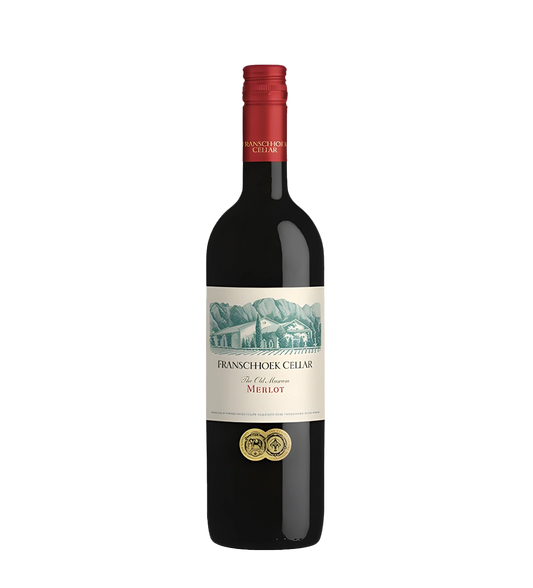 Franschhoek Cellar Merlot 750ml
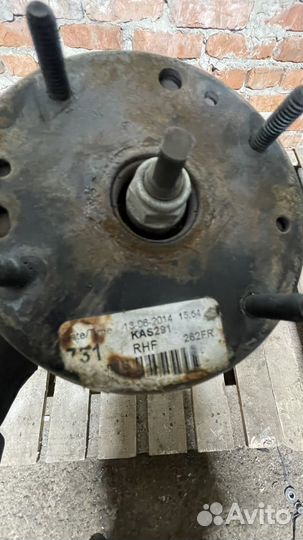 Амортизатор передний в сборе Jaguar XF X250 рест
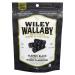 Wiley Wallaby Australian Licorice - Black 184 Grams
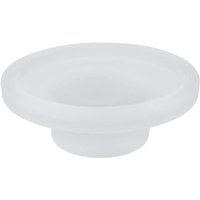 Ersatzteile - Ersatz-Seifenschale, Glas matt 1059W - Nimco von NIMCO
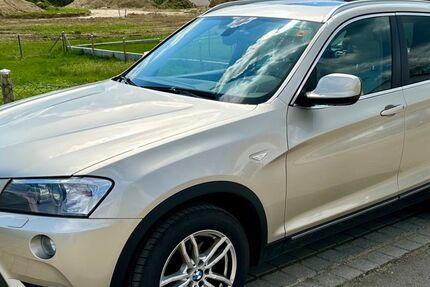 BMW X3 100.000 km 14.500 &euro; Kutzenhausen 86500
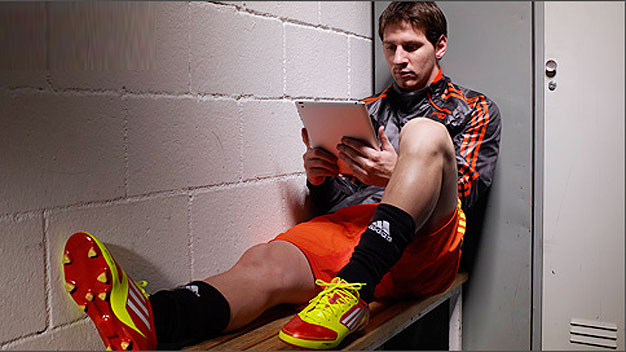 Phỏng vấn Messi (kỳ II): Tôi không chỉ biết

## Work instruction
The material should be returned verbatim, with all images omitted.

## Output of the task
 Franschhoek Cellar Merlot 750ml
 Амортизатор передний в сборе Jaguar XF X250 рест
 Wiley Wallaby Australian Licorice - Black 184 Grams
 Ersatzteile - Ersatz-Seifenschale, Glas matt 1059W - Nimco von NIMCO
 BMW X3 100.000 km 14.500 &euro; Kutzenhausen 86500
 Phỏng vấn Messi (kỳ II): Tôi không chỉ biết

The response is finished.